Stopping by the Woods on a Snowy Evening by Robert Frost
This is one of Frost’s best-known and most well-loved poems. Frost published the poem in 1923. He was in the woods and despairing over his financial state. He did not have the money to provide for his family but chose to continue on rather than give up and walk into the forest. This was a difficult and courageous choice as woods provided an easy escape from the hardships of his life. Here are the very famous first four lines:
Whose woods these are I think I know.
His house is in the village though;
He will not see me stopping here
To watch his woods fill up with snow.
Read more Robert Frost poems.
A Light Exists in Spring by Emily Dickinson
This piece is a great demonstration of Dickinson’s nature poetry. She is well known for the whimsical nature of her poem and the recurring theme of death. Though it was written in about 1864, it was published only in 1896, along with her many other poems. The poem acknowledges how spring enters and affects our happiness as the season passes. It is an incredibly important time of year and appears in other poems on this list due to its ties to images of new life and beauty.
A Light exists in Spring
Not present on the Year
(…)
As Trade had suddenly encroached
Upon a Sacrament.
Read more Emily Dickinson poems.
My Heart Leaps Up by William Wordsworth
One of Wordsworth’s best-known short poems, ‘My Heart Leaps Up,’ is also known as ‘The Rainbow.’ It speaks on some of the poet’s most familiar themes, youth, age, and nature. He speaks at the beginning of the poem of how the sight of a rainbow can make his heart leap up and send him back to his life when he was young. He remembers being a youthful boy and experiencing these same pleasures in a pure, innocent way. They return to him “now” as a “man.” He knows that when he grows old, it’ll be the same, and if it’s not, he’d rather die.
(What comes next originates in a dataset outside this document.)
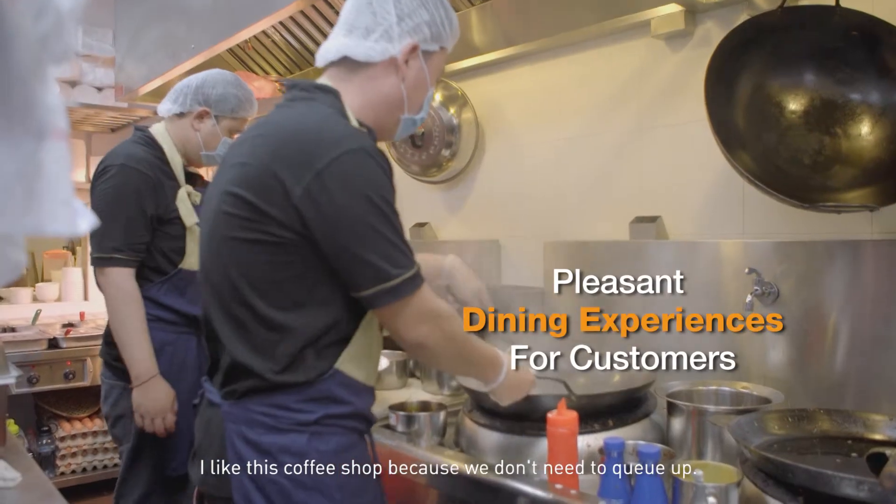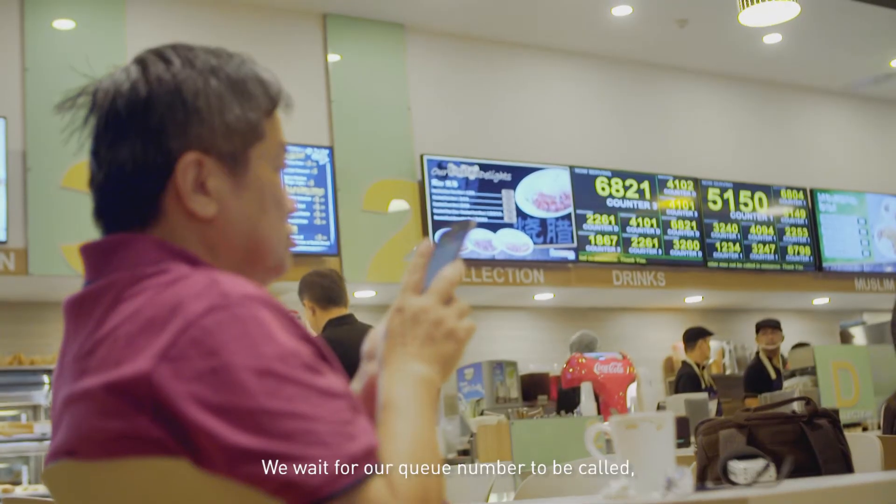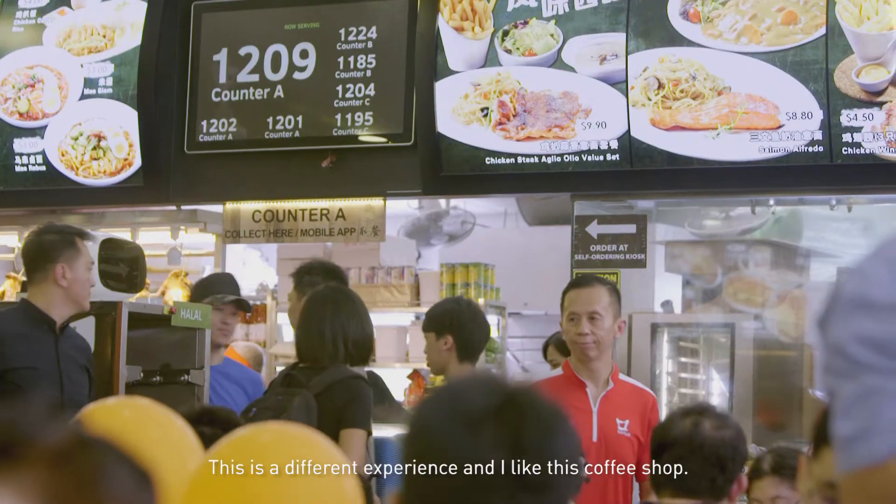I like this coffee shop because we don't need to queue up. We get our number, we just sit down and we can sit inside the aircon. We wait for a queue number so we can protect our food. It's really something different and I like this coffee shop.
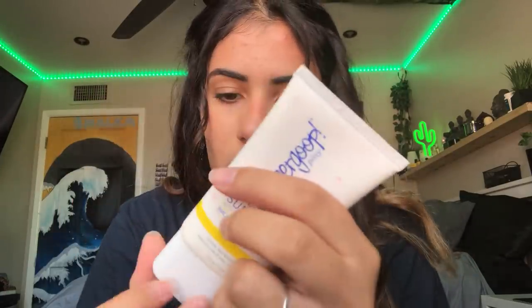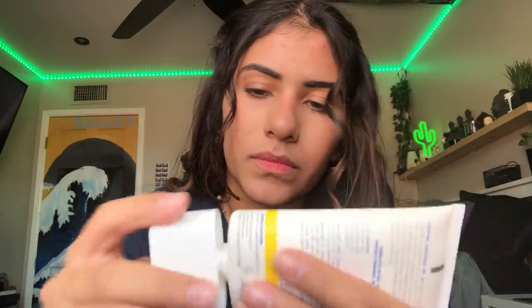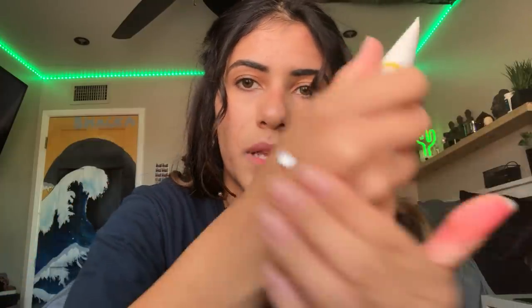It blends out really clear, like lotion. It's so good, I love it. Not sponsored, anyway.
My heart leaps up when I behold A rainbow in the sky:
So was it when my life began; So is it now I am a man;
So be it when I shall grow old, Or let me die!
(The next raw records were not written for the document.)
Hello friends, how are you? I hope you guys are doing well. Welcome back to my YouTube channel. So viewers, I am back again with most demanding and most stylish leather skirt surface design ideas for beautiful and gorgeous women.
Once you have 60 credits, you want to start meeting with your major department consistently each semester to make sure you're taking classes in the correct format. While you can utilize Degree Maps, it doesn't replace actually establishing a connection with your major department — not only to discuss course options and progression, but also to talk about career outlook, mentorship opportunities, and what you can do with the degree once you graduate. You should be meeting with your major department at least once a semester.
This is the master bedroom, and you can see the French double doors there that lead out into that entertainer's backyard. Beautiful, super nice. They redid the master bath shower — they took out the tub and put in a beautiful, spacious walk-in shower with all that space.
The Eagle by Alfred Lord Tennyson
‘The Eagle’ speaks on the power and solitude of a lone eagle on a rocky cliff. The poem begins with the speaker describing how a solitary eagle is standing on the top of a craggy cliff. From where he is perched, with his “crooked hands” gripping the rocks, he can survey the whole “azure world” around and below him. This incredible short poem is a great example of the power of the natural world and is a good way to celebrate the earth on Earth Day. Here are the three lines of stanza two:
The wrinkled sea beneath him crawls;
He watches from his mountain walls,
And like a thunderbolt he falls.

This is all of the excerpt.